Update: This essay is now up at WLTC, if you like it, go vote for it!
They’re everywhere, and they’re annoying. They’re called CAPTCHAs and they’ve become a ubiquitious part of blog commenting. Bloggers use them as a quick and dirty solution to an annoying problem without consideration for the annoyance they will cause the reader.
I want to persuade all bloggers who are using them to please stop.
What are they?
CAPTCHA stands for “completely automated public Turing test to tell computers and humans apart”. I know it should really be CAPTTTTCHA but hey, I didn’t come up with the acronym.

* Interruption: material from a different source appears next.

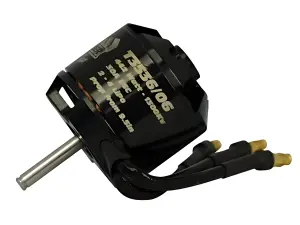 Overlander Tornado Thumper V3 3536/06 1300KV - Brushless Outrunner RC Motor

Before bigots destroyed his life, Alan Turing posited the idea of a test to determine machine sentience. His test was designed to decide if a computer had achieved artificial intelligence. So far no computer has passed a Turing test, but the CAPTCHA uses the idea of a Turing test in reverse, testing if a supposed person is really a person and not a computer program pretending to be a person.

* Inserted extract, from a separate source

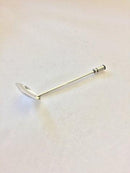 Georg Jensen Sterling Sølv Låg og ske af Sigvard Bernadotte No 710 og No 14 - Danam Antik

So a CAPTCHA is a test to make sure the person posting a comment (or anything else, but I’m concentrating on the blogging usage here) is really a person, and not a spam generator trying to post comments about card games, prescription drugs or sex. It usually involves an image showing some distorted text, requiring the user to type in what they see in the distorted text.
Why are they bad?
Anything that stop spammers is good, right? Well generally yes, but some things that stop spammers are better than others; so much better that the inferior solutions become un-necessary. There are many problems with CAPTCHAs:
- Any extra work required to comment is likely to deter some people from commenting at all.
- Sometimes the images are so distorted they’re almost impossible to read, even with perfect eyesight.
- CAPTCHAs are hackable. Spammers are smart, they can get past many of our barriers.
- Visually impaired users are completely excluded (although there are audio CAPTCHAs available now).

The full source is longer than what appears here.